SEE ALSO: Gourmet experiences in Adelaide for wine and chocolate lovers
Meet the locals
Adelaide offers a variety of different ways to interact with local wildlife. If you want to cuddle a koala, feed a kangaroo or get up close to an emu and other native Australian creatures, Cleland Wildlife Park is the place to do it. The Park also offers nighttime walks, during which you can see Tasmanian devils (below) being fed.
Take a guided kayak tour of the Dolphin Sanctuary with Adventure Kayaking SA and spot bottlenose dolphins in the wild.
A gift from China, Wang Wang and Funi are the only giant pandas in the southern hemisphere.

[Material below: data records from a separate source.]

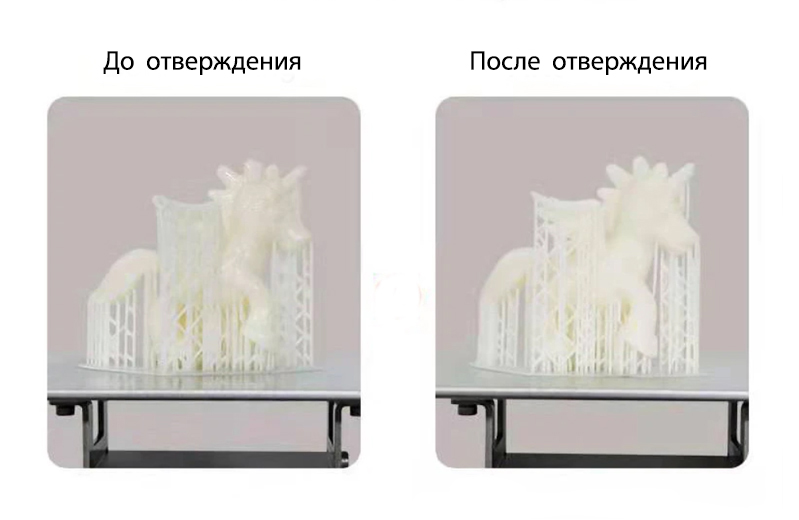 13.jpg 13.jpg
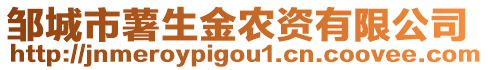 鄒城市薯生金農(nóng)資有限公司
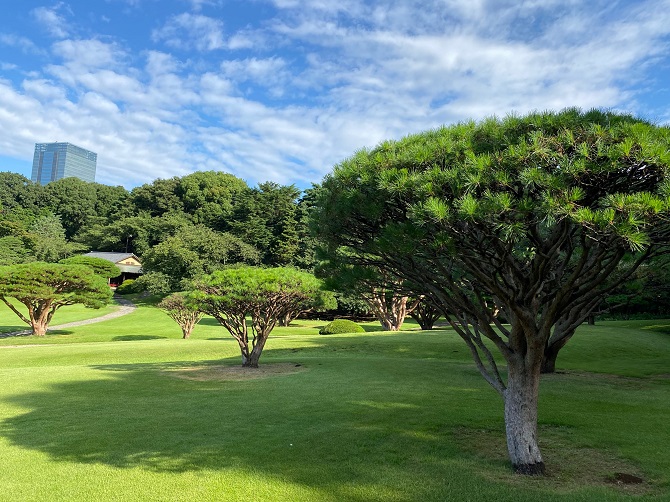 東京都内 ピクニックにおすすめの公園4選 広くて芝生のある公園をご紹介 じゃらんニュース 東京都内 ピクニックにおすすめの公園4選 広くて芝生のある公園をご紹介 じゃらんニュース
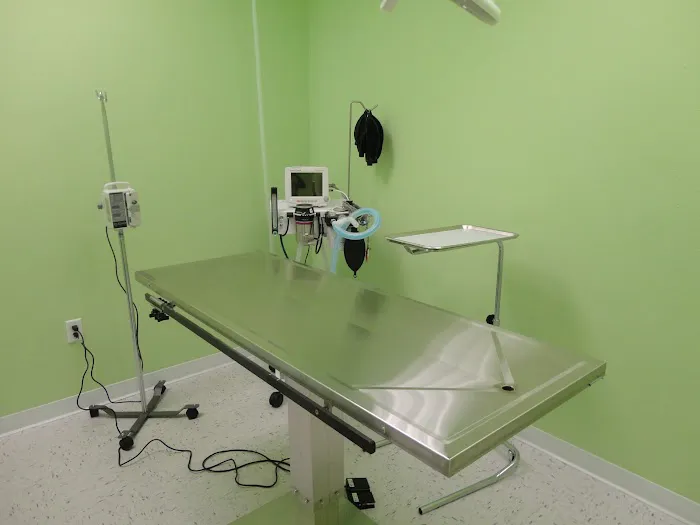 Pet Point Animal Hospital 12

You can see them at the Adelaide Zoo, which has been their home since 2009.
Hit the beach
A 25-minute tram ride from the city centre is the seaside resort of Glenelg (below). On the foreshore, The Beachouse is an amusement park crammed with arcade games and gelato stalls. For outdoorsy types, Glenelg Fishing Charters offers both fishing and scuba diving excursions from the beach, while the world-class Glenelg Golf Club is also nearby. The Proclamation Trail, a 3.4km self-guided walking trail, starts at the Town Hall and maps out the local history – including the site where first settlers arrived in 1836.
Around 150 wineries and cellar doors can be found in the Barossa Valley, home to some of Australia’s oldest Shiraz vines, just over an hour’s drive from Adelaide. To understand the winemaking process, visit Penfolds (below), which hosts tastings and workshops where you can make your own blend. For a different perspective, Barossa Unique Tours tailors their private trike tours to individual tastes. Stop by Maggie’s Farm Shop and stock up on celebrated cook Maggie Beer’s picnic fare, such as meat terrine or her delicious mushroom and verjuice pate.
More about Adelaide
- Adelaide’s 12km-long O-Bahn is the longest guided busway in the world.
- South Australia is the opal capital of the world. Mining towns Coober Pedy, Andamooka and Mintabie produce 85 per cent of the world’s opals.
- Adelaide is known as the City of Churches. English novelist Anthony Trollope gave the city its nickname in his book, Australia and New Zealand, published in 1873.
- Adelaide was the first Australian capital city to be connected by telegraph with London. Before the first message was sent on August 22, 1872, people used to send messages abroad by ship.
- Adelaide’s Botanic Garden is home to the largest and oldest glasshouses in the southern hemisphere. The Palm House was imported from Bremen, Germany in 1875 and opened to the public in 1877.